Please consider citing the following references in your publications if it helps your research

@misc{yellapragada2023cctvgun,
      title={CCTV-Gun: Benchmarking Handgun Detection in CCTV Images}, 
      author={Srikar Yellapragada and Zhenghong Li and Kevin Bhadresh Doshi and Purva Makarand Mhasakar and Heng Fan and Jie Wei and Erik Blasch and Haibin Ling},
      year={2023},
      eprint={2303.10703},
      archivePrefix={arXiv},
      primaryClass={cs.CV}
}

@article{lim2021deep,
  title={Deep multi-level feature pyramids: Application for non-canonical firearm detection in video surveillance},
  author={Lim, JunYi and Al Jobayer, Md Istiaque and Baskaran, Vishnu Monn and Lim, Joanne MunYee and See, John and Wong, KokSheik},
  journal={Engineering applications of artificial intelligence},
  volume={97},
  pages={104094},
  year={2021},
  publisher={Elsevier}
}

@article{gonzalez2020real,
  title={Real-time gun detection in CCTV: An open problem},
  author={Gonz{\'a}lez, Jose L Salazar and Zaccaro, Carlos and {\'A}lvarez-Garc{\'\i}a, Juan A and Morillo, Luis M Soria and Caparrini, Fernando Sancho},
  journal={Neural networks},
  volume={132},
  pages={297--308},
  year={2020},
  publisher={Elsevier}
}

@inproceedings{sultani2018real,
  title={Real-world anomaly detection in surveillance videos},
  author={Sultani, Waqas and Chen, Chen and Shah, Mubarak},
  booktitle={Proceedings of the IEEE conference on computer vision and pattern recognition},
  pages={6479--6488},
  year={2018}
}

References

Footnotes

  1. Lim, JunYi, et al. "Deep multi-level feature pyramids: Application for non-canonical firearm detection in video surveillance." Engineering applications of artificial intelligence 97 (2021): 104094.

  2. González, Jose L. Salazar, et al. "Real-time gun detection in CCTV: An open problem." Neural networks 132 (2020): 297-308.

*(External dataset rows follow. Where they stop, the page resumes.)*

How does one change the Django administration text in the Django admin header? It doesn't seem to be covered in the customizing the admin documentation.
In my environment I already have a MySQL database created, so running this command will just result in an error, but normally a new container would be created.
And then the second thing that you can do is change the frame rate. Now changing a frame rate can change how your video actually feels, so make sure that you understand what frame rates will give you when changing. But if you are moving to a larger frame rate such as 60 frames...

  3. Sultani, Waqas, Chen Chen, and Mubarak Shah. "Real-world anomaly detection in surveillance videos." Proceedings of the IEEE conference on computer vision and pattern recognition. 2018.

  4. Ren, Shaoqing, et al. "Faster r-cnn: Towards real-time object detection with region proposal networks." Advances in neural information processing systems 28 (2015).

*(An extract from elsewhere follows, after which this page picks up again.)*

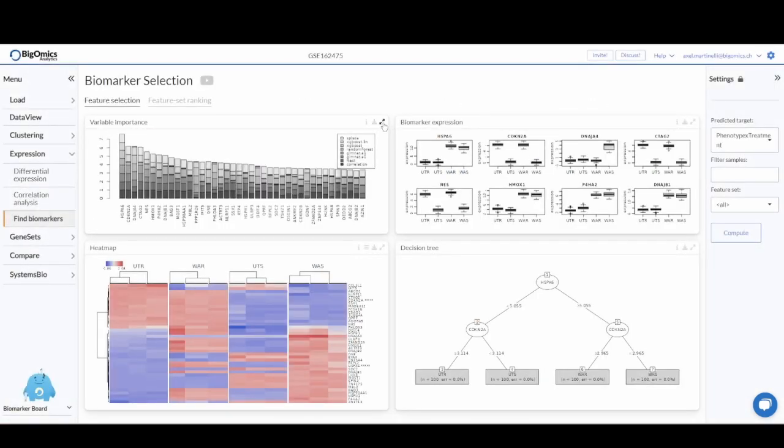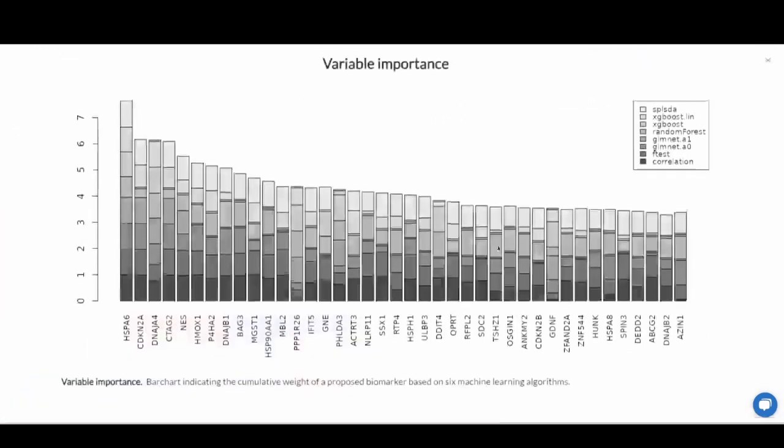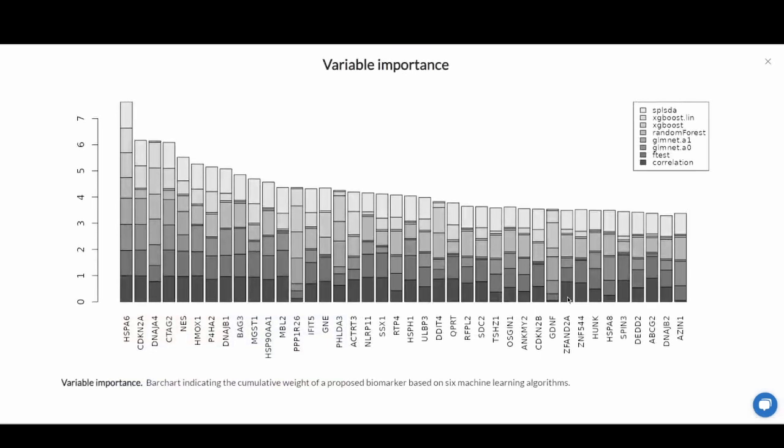Finally, we have the variable importance plot, which is the most important from a bioinformatics point of view. This is based on combining the results of six different machine learning algorithms as well as two other statistical tests.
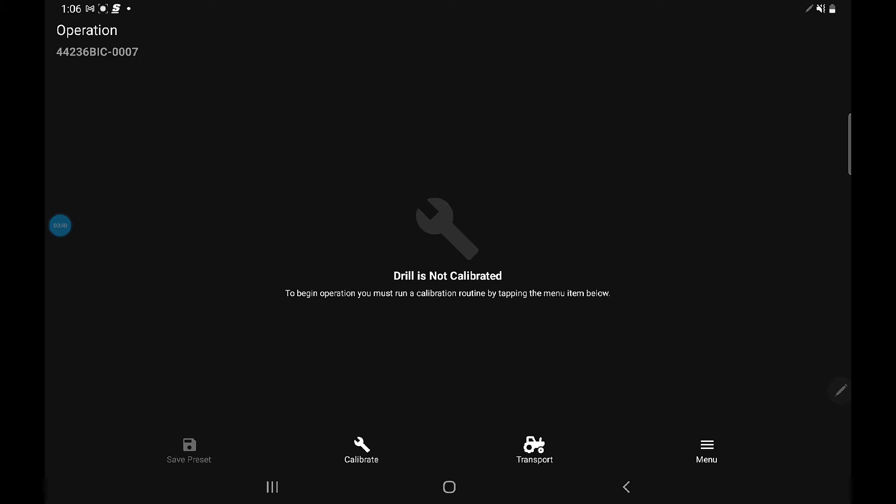The other thing you want to make sure when you're doing this for the first time is that you're hooked to a Wi-Fi signal, whether it's a hotspot off your phone or if you're in a yard or close to a shop. You need your device connected to Wi-Fi in order to get the error codes to come up.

  5. Liu, Ze, et al. "Swin transformer: Hierarchical vision transformer using shifted windows." Proceedings of the IEEE/CVF international conference on computer vision. 2021.

  6. Zhu, Xizhou, et al. "Deformable detr: Deformable transformers for end-to-end object detection." arXiv preprint arXiv:2010.04159 (2020).

  7. Qiao, Siyuan, Liang-Chieh Chen, and Alan Yuille. "Detectors: Detecting objects with recursive feature pyramid and switchable atrous convolution." Proceedings of the IEEE/CVF conference on computer vision and pattern recognition. 2021.

  8. Liu, Zhuang, et al. "A convnet for the 2020s." Proceedings of the IEEE/CVF Conference on Computer Vision and Pattern Recognition. 2022.